Business leaders are reeling from the impact of COVID with cybercrime the biggest fear, according to a new report by Beazley.
The specialist insurer today published its latest report ‘Spotlight on technology risk’ which revealed that a range of technology risks top executives’ risk radar on both sides of the Atlantic since the pandemic hit.
The report, the latest in Beazley’s Risk & Resilience series, examines how the COVID-19 pandemic is the biggest catalyst of operational and strategic change in a generation, forcing businesses to adapt their technology infrastructure to new ways of operating.
Not only has this led to greater threat of disruption by competitors, but it has also opened the door to cyber criminals who have moved fast to exploit staff, processes and networks that were suddenly exposed beyond the corporate firewall.
Against this backdrop, the technology group of risks were ranked much higher than any other category of risk by the executives surveyed.

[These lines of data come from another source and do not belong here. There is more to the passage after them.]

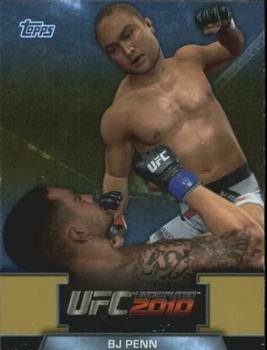 BJ Penn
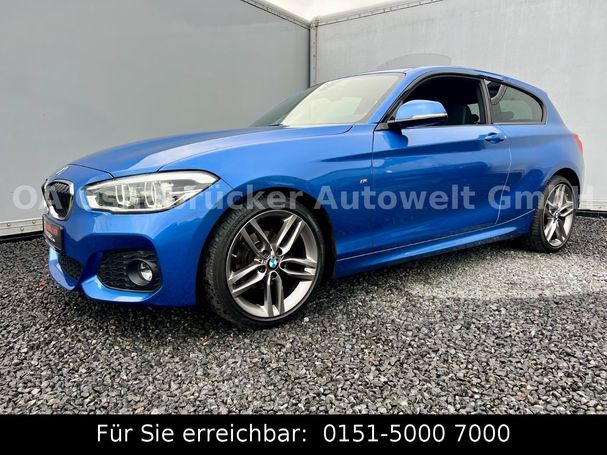 BMW 118d 110 kW image number 1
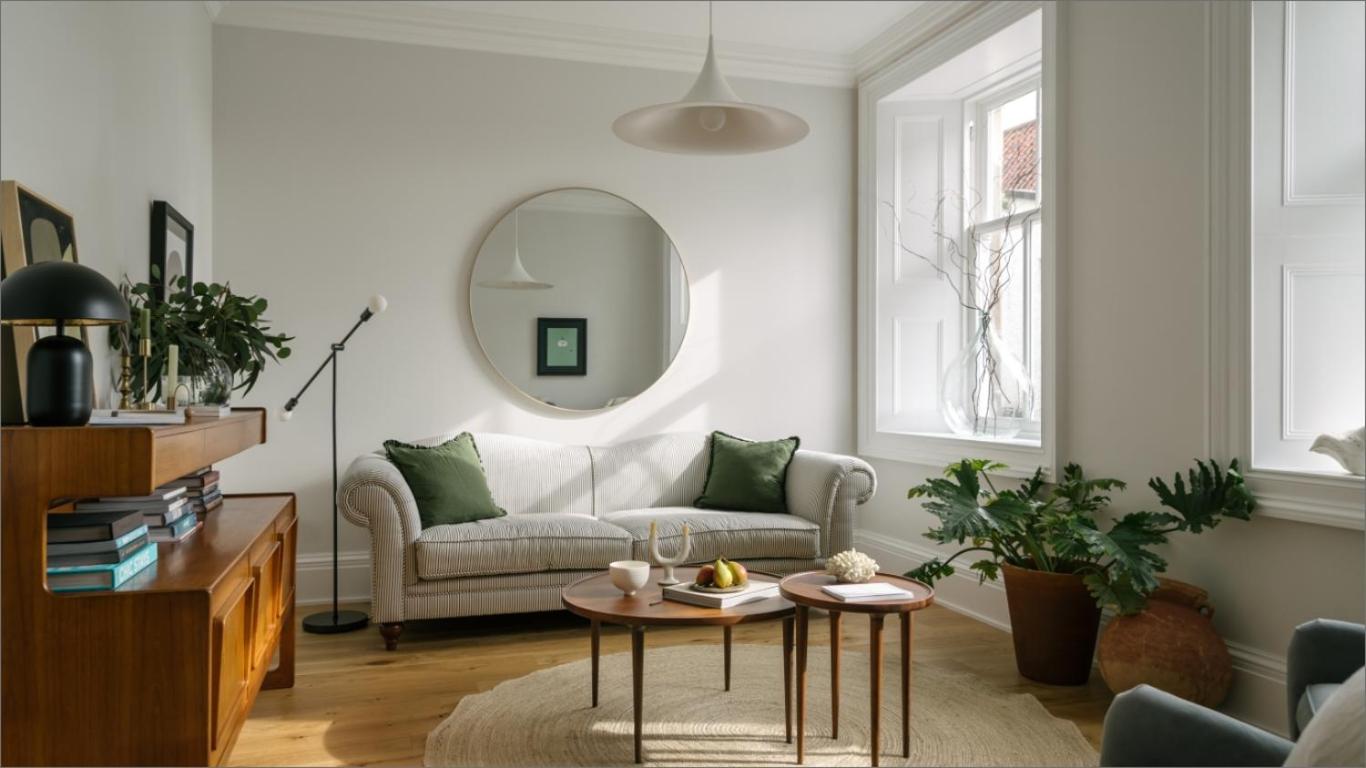 King Room with Garden View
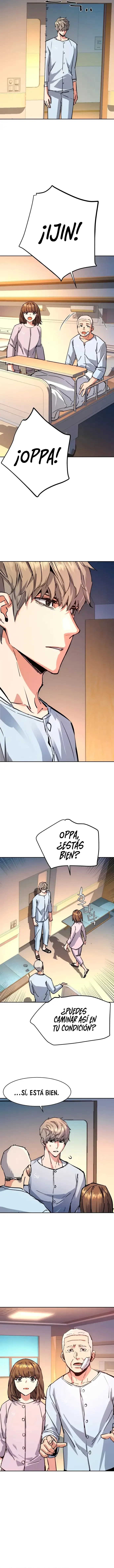 Mercenario Adolescente Capítulo 139 - Page 12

Paul Bantick, global head of cyber and technology at Beazley said: “Technology risk ranking as highly as it does even during a pandemic is very telling. Strong awareness of the risk is encouraging. However, technology is an area where the threat vector evolves constantly, and businesses need to continue updating risk management processes and work with partners that can support them in identifying and mitigating tech-based risk.
“In these uncertain times, customers want three things: a deep understanding of risk by sector and size, specialist risk advisory services as part of their policy and comprehensive, straightforward coverage. Making communication and collaboration between insurer, broker and customer more important than ever.”
Cyber risks, which include IT-based threats affecting national infrastructure through to individual customer data, data leak or employee error, are the highest ranked within the technology risk category. They are of particular concern in the US where 38% of leaders ranked cyber risk top vs 29% in the UK. Furthermore, in the US 55% of businesses feel very prepared to anticipate and respond to cyber risk vs just 34% in the UK.
Overall, the sectors which feel most exposed to cyber threats include energy and utilities, with 40% of businesses ranking this their top risk, followed by retail and technology media and telecoms (TMT), both with 38% of companies ranking this risk top.
Raf Sanchez, international breach services manager at Beazley, explained: “Although many organisations have invested heavily in technology to protect their systems and data, the cyber-attack landscape is constantly shifting. Cyber criminals are increasingly well-funded and innovative, making constant vigilance by organisations a necessity.
“We are striving to help organisations of all sizes and sectors address the many impacts of a cyber-attack on their operations by supplementing traditional risk transfer with a suite of cyber risk management services and post-event incident response. This research gives us useful insights into how leaders view technology risks, and their perceived resilience to them. The variances in attitude between sector and territory are notable.”
Disruption risk, or the failure to innovate and keep pace with new developments, customer demand or market shifts was ranked second in the technology category, with 30% of business leaders identifying it as their key risk.
Beazley said disruption ranks this highly because UK respondents are particularly concerned by the threat that it poses – with 32% ranking it top vs just 28% in the US. In terms of the ability to anticipate and respond to disruption risk, well under half (41%) of businesses overall reported they felt well prepared.
Intellectual property (IP) risks, the failure to recognise and protect the value of assets such as technological know-how, trademarks, patents or other intangible assets came bottom in the technology risk ranking with only 11% of business leaders overall ranking this a primary concern.
Given that intangible assets are the predominant source of economic value for many businesses, accounting for 75% of business value globally, the low-risk ranking assigned to IP is a potential blind spot that may require more forceful remediation, particularly given that only 40% of businesses report they feel well prepared to manage it.
“In these uncertain times, customers want three things: a deep understanding of risk by sector and size, specialist risk advisory services as part of their policy and comprehensive, straightforward coverage. Making communication and collaboration between insurer, broker and customer more important than ever,” said Bantick.